That told me that I was actually able to go to the two locations in Stokes County if I wanted to give it a try. The main location I wanted to try was off of Hwy 8 and was an old garage with a busted Chevy sitting out front. I have passed this location many times and wanted to get a composition, but the lighting had never been right with it. I also knew that I wanted the overgrowth of late Summer rather than just an empty frame rail. I was running out of time to shoot this car unless I wanted to wait until next Summer. With the weather looking good, I decided to go on and give it a go.

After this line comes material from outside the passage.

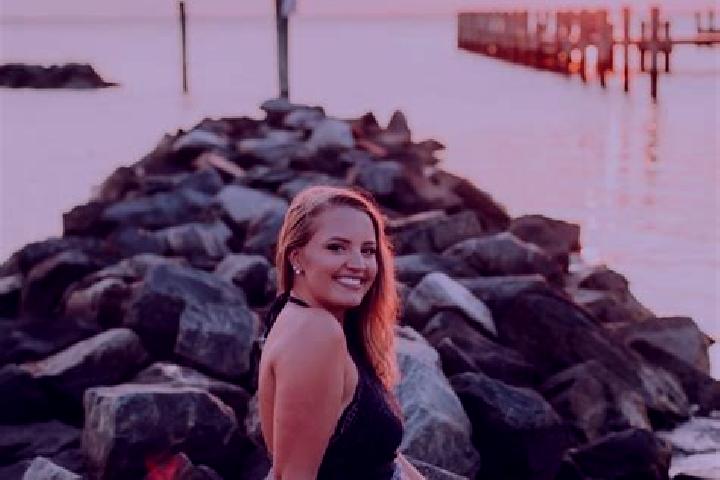 Grace, 24 — Escort in Westover, United States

I grabbed my gear and set off on the drive into Stokes. The entire way there I was behind a dump truck that was going between 25-35mph despite the road being a 55mph limit in most places. There were no passing zones where I could get around him so I just sat in place and took in the scenery. A bit over an hour later, I arrived at the car. I have no idea who owns the property, but I decided to take my chances with this one and pulled off on the side of the road. I picked out my 24-70mm lens and added a Singh-Ray Color Combo Polarizer to it and mounted the camera on my tripod. I worked compositions on both sides of the car and tried to include the sign on the shop wall that stated that this was an Official Inspection Station. I found that rather funny when paired with the Chevy below.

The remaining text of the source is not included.